Industry Desk: Despite the steady growth in tea production over the past decade, Bangladesh’s tea exports have taken a hit due to mounting domestic demand, driven by a growing population and urbanisation.
The trend is observed as Bangladesh celebrates the World Tea Day.
According to the state-run Bangladesh Tea Board (BTB), tea production reached an impressive 94 million kilograms in 2022, marking a 53 per cent increase from the 62.52 million kilograms produced in 2012.
Yet, this growth didn’t translate into booming exports. From the 2022 yield, a mere 0.78 million kilograms were exported, raking in Tk 196.31 million. This is a notable drop from 2020 when the country exported 2.17 million kilograms of tea, earning Tk 347.14 million.
Simultaneously, sources reveal that the nation annually imports just shy of a million kilograms of tea. Insiders warn that if the current pace of domestic consumption persists, Bangladesh might need to import more tea in the coming years.
“Local consumption grows by 6-7 per cent annually. If domestic production cannot keep up, we may need to import tea to compensate for supply shortages,” warned Shah Moinuddin Hasan, Chairman of the Tea Traders Association of Bangladesh.

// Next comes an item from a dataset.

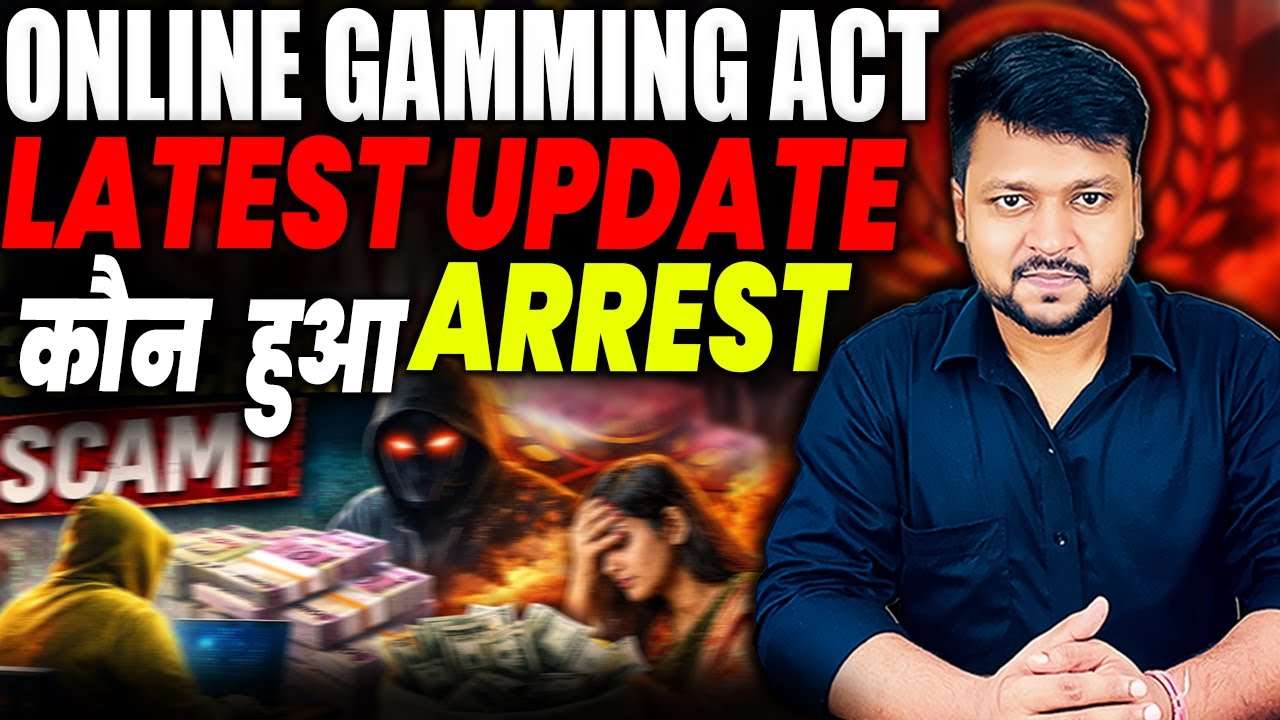 online gaming act || latest update || Kon Hua Arrest ?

The government has set ambitious export targets for 2025, aiming to quintuple current figures. However, the primary concern for BTB Chairman Major General Md Ashraful Islam remains satisfying domestic demand.
“We aim to push tea production to more than 140 million kg by 2025, thereby augmenting our footprint in both global and local markets,” Islam said. He added that the BTB is working tirelessly to increase exportable surplus after domestic consumption has been met.

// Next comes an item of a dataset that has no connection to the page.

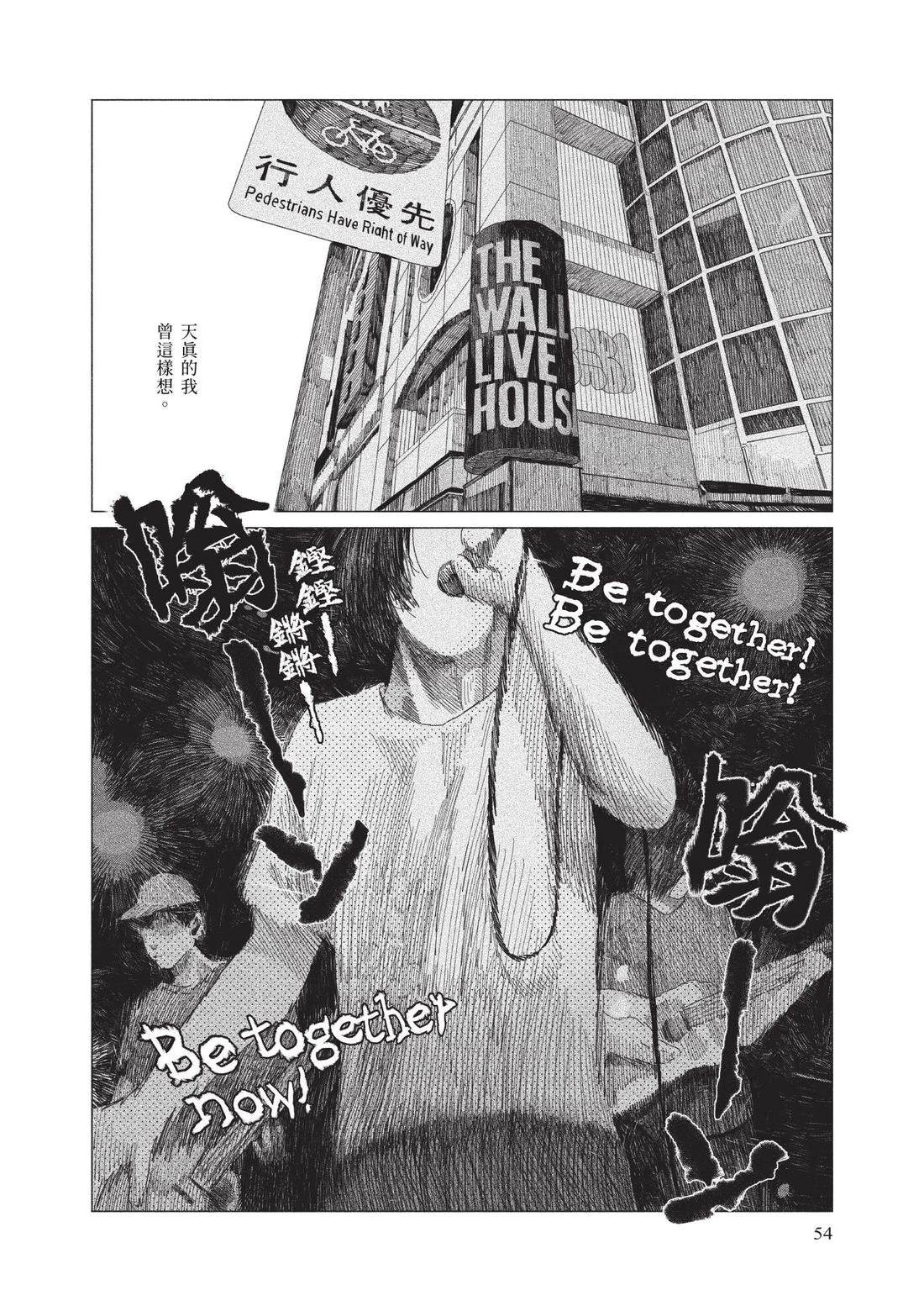 上卷55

Though Bangladesh tea is of superior quality, higher production costs make it pricier than offerings from neighbouring countries.
This price point, combined with a lack of capital, outdated machinery, inadequate infrastructure, scarce resources, and high-interest bank loans, poses significant challenges for the Bangladeshi tea industry. “We need to concentrate on exports to compete globally. Our tea quality is exceptional, and with the right policy support, our exports can rebound,” stated Mahadi Hasan, head of international marketing at Jafflong Tea Company Ltd.

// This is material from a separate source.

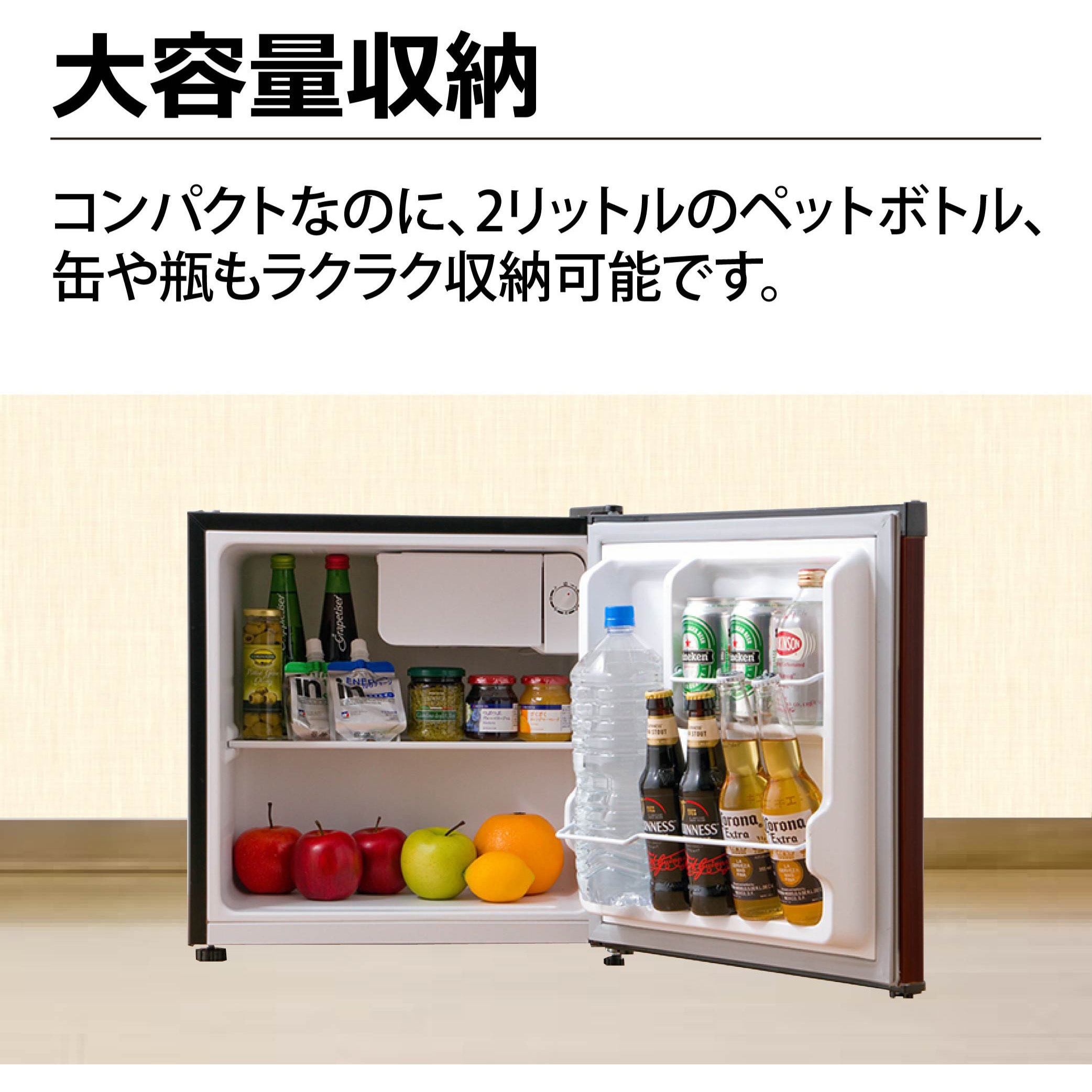 TH-46L1-WD 1ドア冷蔵庫 46L TOHOTAIYO 直冷式 - 【通販モノタロウ】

With 167 tea gardens spanning 280,000 acres and employing over 360,000 people, Bangladesh is the world’s ninth-largest tea producer.
The industry’s economic importance is underscored by its annual global production value of over $17 billion and a trade value of approximately $9.5 billion.
As the tea leaves continue to unfurl, industry players and policymakers in the country must adapt to the changing dynamics of supply, demand, and global competitiveness.